The new version of Salem’s Lot, which has finally been released on Max after sitting on the shelf for nearly three years, is not very good.
At the same time, it’s definitely not terrible. There are a few effective scenes. The finale, which is a bit different from what happens in the book, is enjoyably berserk. The film made good use of Gordon Lightfoot’s Sundown and, as a history nerd, I appreciated the fact that the movie used the book’s original 70s setting as opposed to trying to update the whole thing. When writer Ben Mears (Lewis Pullman) wants to investigate the history of the old Marsten House, he has to go to the library.

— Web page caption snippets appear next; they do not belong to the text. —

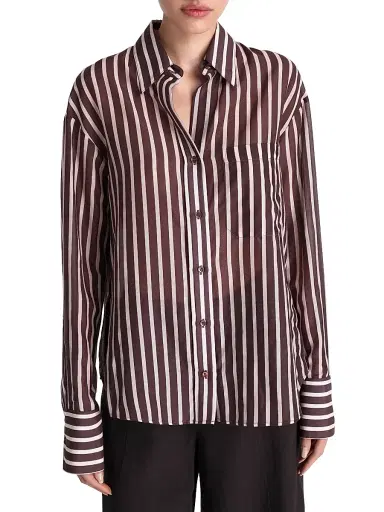 TWP Women's Joey Striped Silk Button-Front Shirt | Thumbnail 2 TWP Women's Joey Striped Silk Button-Front Shirt | Thumbnail 2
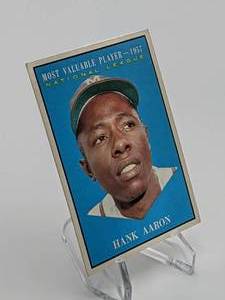 lot 17 image: 1961 Topps Hank Aaron MVP Baseball Card
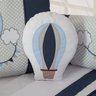 Kit Berço Trança Menino Bebe Azul Marinho Balão Com Almofada 10 pçs Com Saia - 3
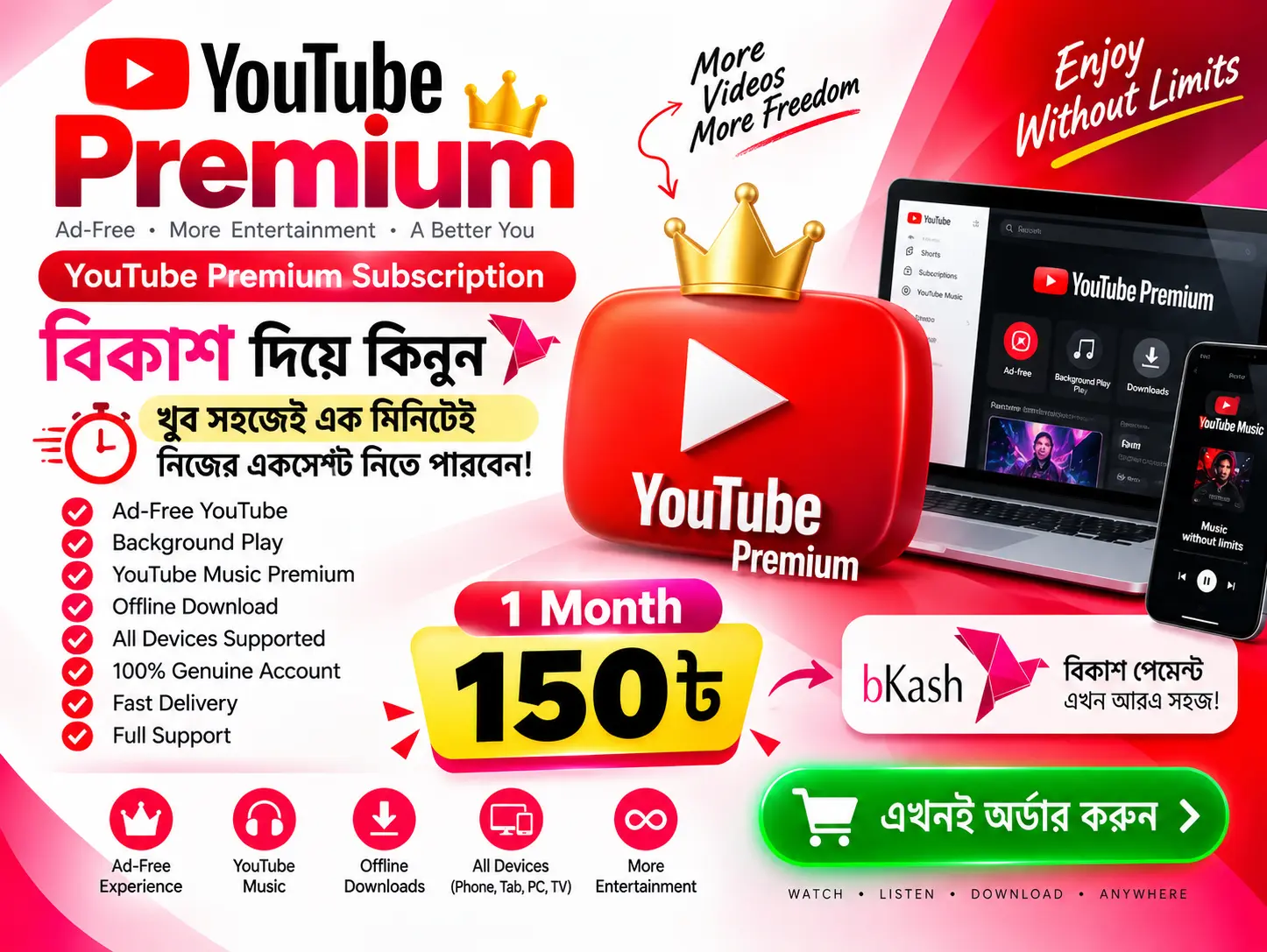 YouTube Premium Subscription - Website Design Template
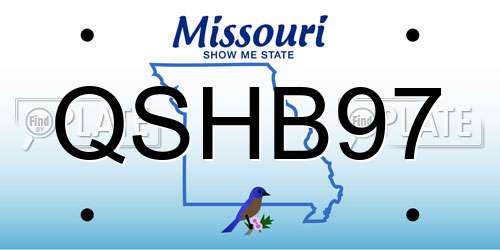 QSHB97 Missouri License Plate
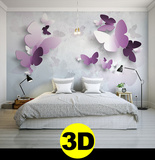 瓷砖背景墙简约现代3D立体雕刻蝴蝶 卧室客厅电视背景墙艺术壁画
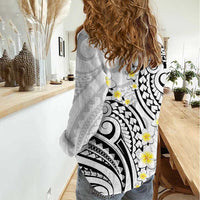 Plumeria With White Polynesian Tattoo Pattern Women Casual Shirt LT05 - Polynesian Pride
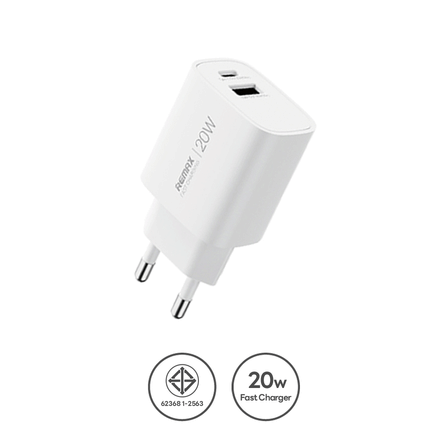 หัวชาร์จเร็ว REMAX U187-AC20W-WHT USB+C 20W พร้อมสาย C to C สีขาว_0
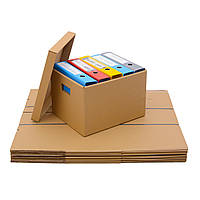 Коробки для документов. Архивные коробки. Архивные боксы 395x323x270 мм. коричневые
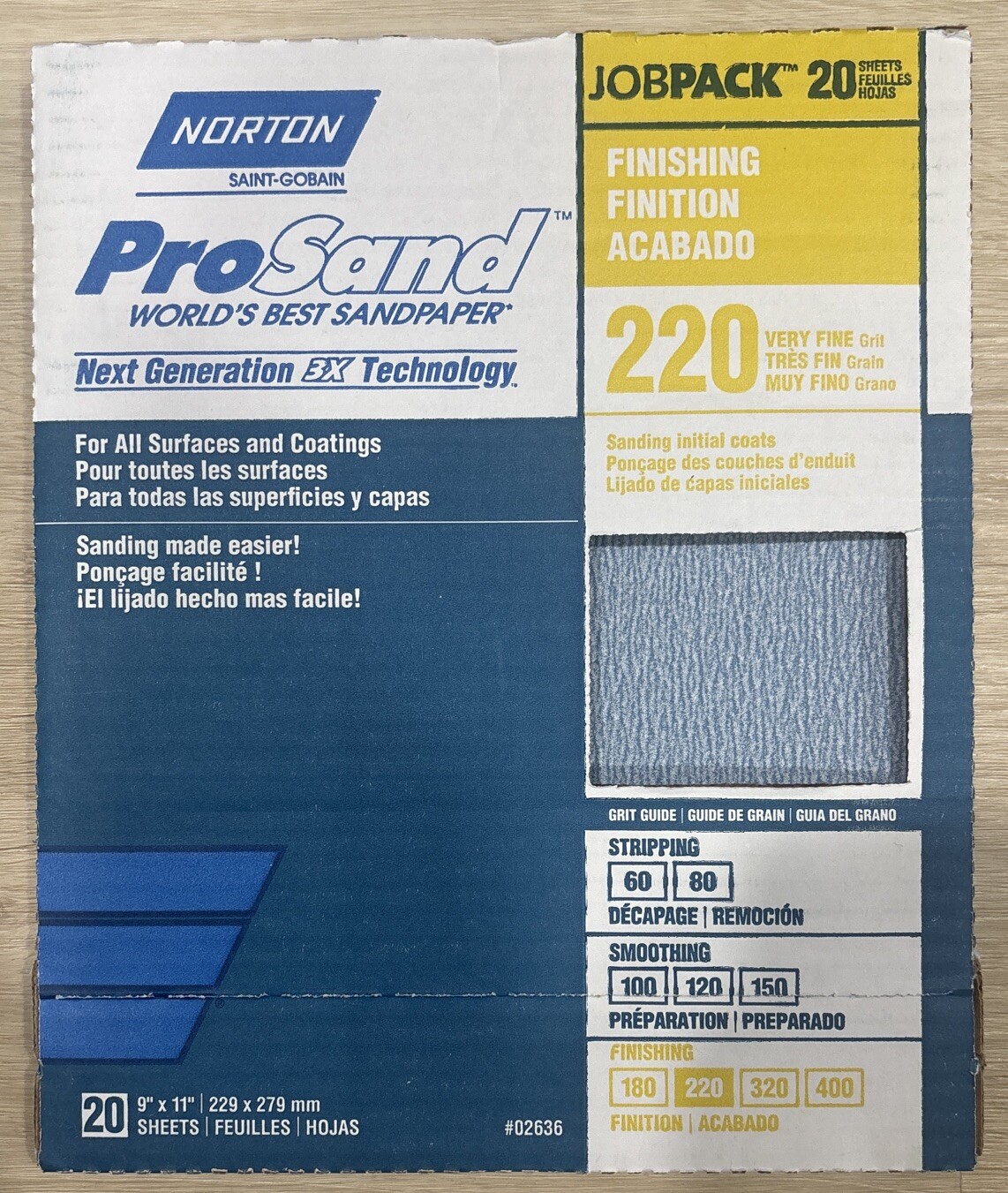 Norton ProSand 9″ x 11″ Sanding Sheets 220 Grit – 20 PACK
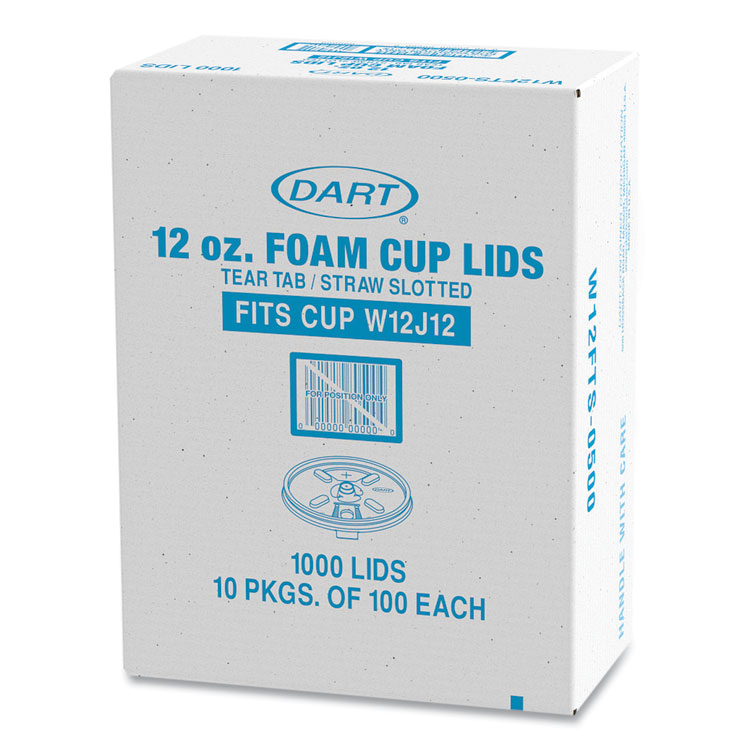 Dart Lids for Foam Cups and Containers, Fits 12 oz Cups, Translucent, 1,000/Carton (DCCW12FTS)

People looking up stuff on microfiche is always, from a cinematic point of view, more compelling than them pulling up Wikipedia.
Ultimately, the movie is just kind of forgettable. It’s mediocre in the bland way that so many recent horror films have tended to be. The movie’s style has far more in common with David Gordon Green’s unfortunate forays into horror than to anything done by Mike Flanagan. While it may not have originally been meant for a streaming release, streaming is where it begins because it feels like something that would get dumped on Netflix without much fanfare.

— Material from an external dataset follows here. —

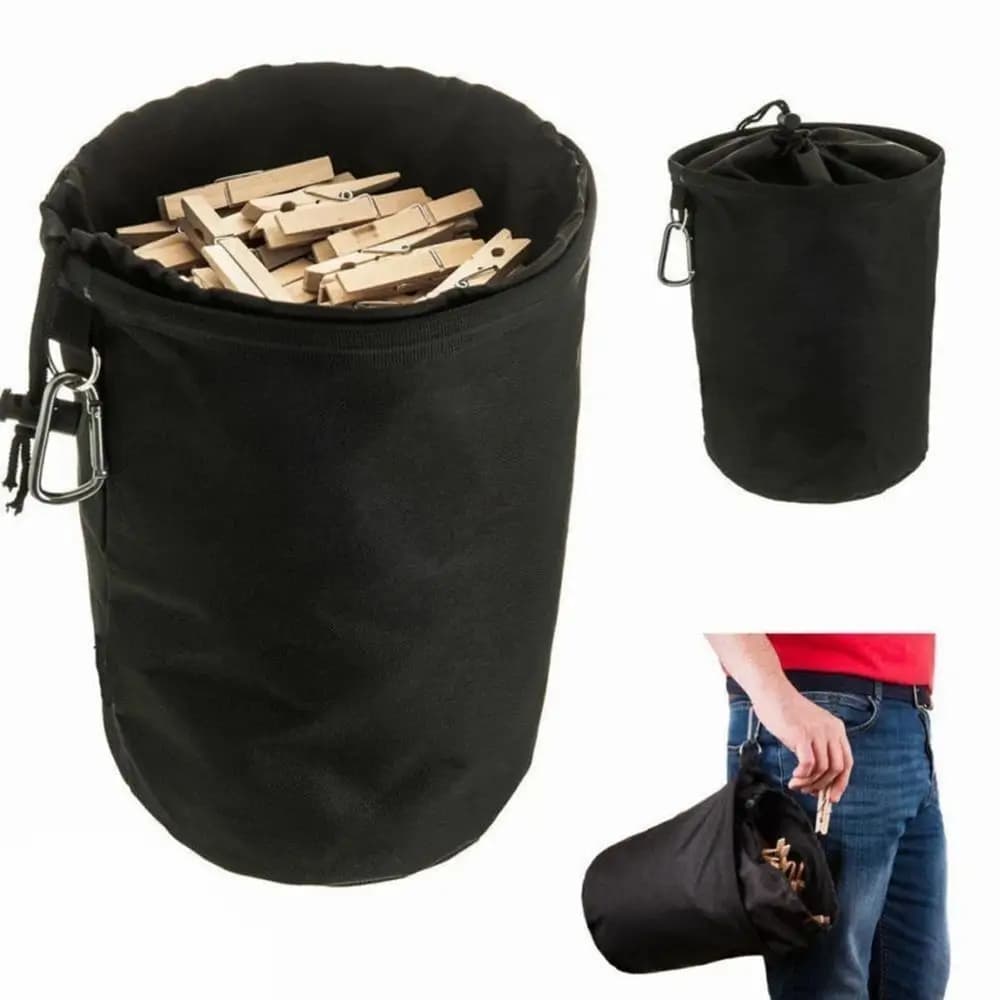 Portable bag for laundry springs, in Oxford fabric with bag holders with hook, spring basket for travel clothes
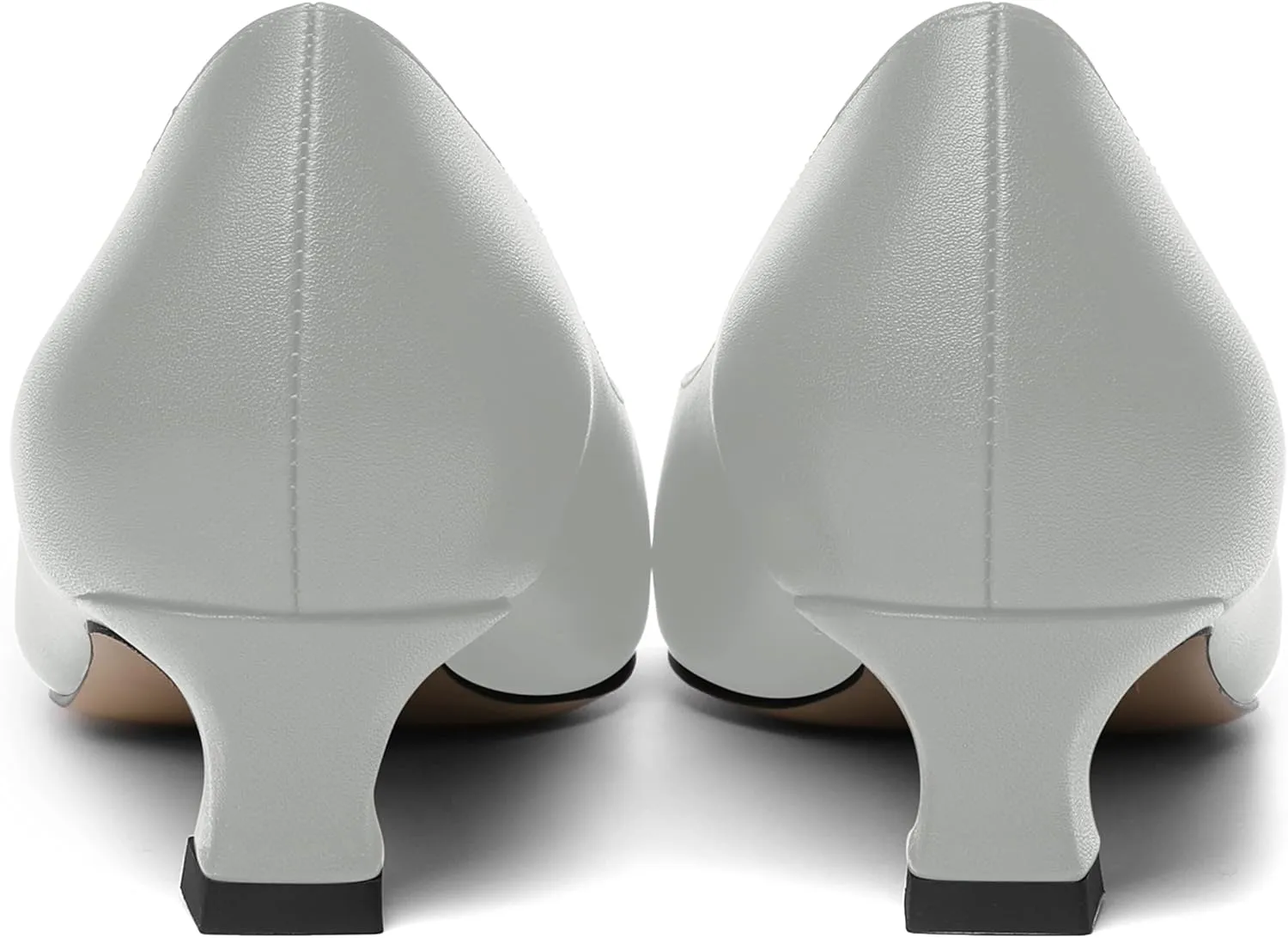 AMBELIGHT Womens Square Toe Solid Matte Office Casual Slip On Kitten Low Heel Pumps Shoes 1.5 Inch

It’s a shame because Salem’s Lot really is one of Stephen King’s better novels, written at a time when King was still embracing his pulpy side and without any of the self-important commentary that’s come to mar some of King’s more recent works. The novel is essentially a small town soap opera, documenting the often sordid lives of the citizens of Jerusalem’s Lot. King introduces a vampire to the mix and most of the town’s problems are solved by folks dying and then coming back from the dead. Ben Mears is a typical King protagonist, a writer from Maine who is trying to deal with a childhood trauma and who discovers that ‘Salem’s Lot has a long and apparently cursed history. In both the book and the movie, Ben teams up with a group of vampire hunters to battle Kurt Barlow (played here by Alexander Ward) and his human servant, Straker (Pilou Asbaek).

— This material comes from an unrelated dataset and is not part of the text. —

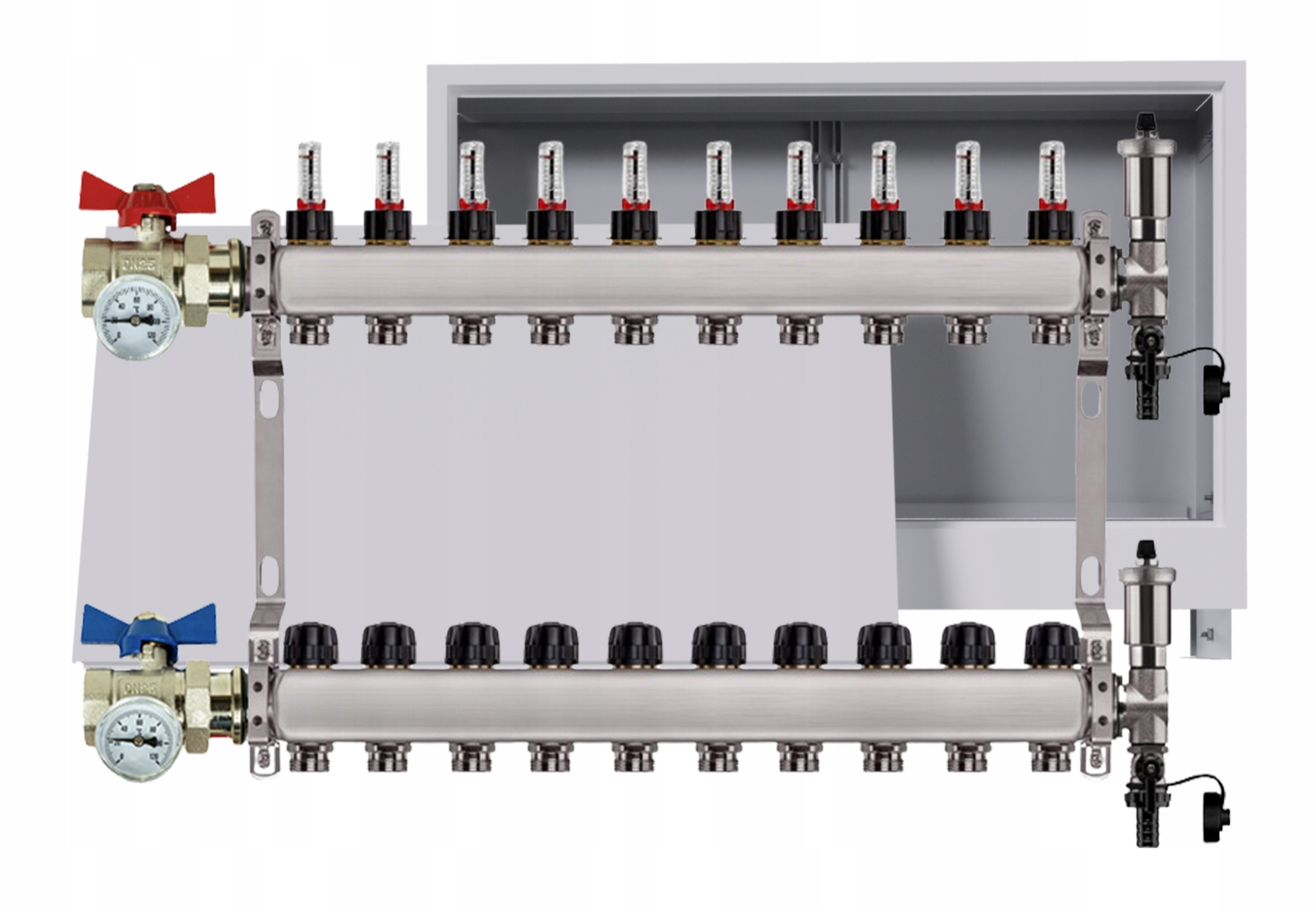 Rozdělovač nerezový Podlahovky 10 okruhů Podomítková skříňka Ventily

The book works because it takes the time to turn Salem’s Lot into a vivid community and, as such, it’s hard not to feel the loss as the town dies off as a result of Barlow’s vampiric invasion. Clocking in at less than two hours, the movie really doesn’t have time to do that. The movie’s version of the town just comes across as being another stereotypical New England town, full of flinty characters and mudrooms. The community never comes to life and, as such, there’s not much emotional resonance as the community dies off. (It’s not a coincidence that the most successful adaptation of Salem’s Lot was a miniseries.) Add to that, the 2024 film features some truly unfortunate acting, which again makes it difficult to accept the town as a community with its own traditions and culture.
There are certain character types and themes that seem to appear in all of Stephen King’s novels and the subsequent adaptations. At its worst, the new Salem’s Lot feels like it’s quickly going through a checklist of all of the expected Stephen King elements. It’s like, “Main setting — check! Writer protagonist — check! Schoolyard bully — check! Child in danger — check!” The end result is a film that feels almost like a parody Stephen King, containing all of his familiar tropes without any of the literary flair that made the original book a classic of vampire literature.
The good thing is that the Tobe Hooper adaptation holds up well and it’s also available on Max. Check it out this weekend.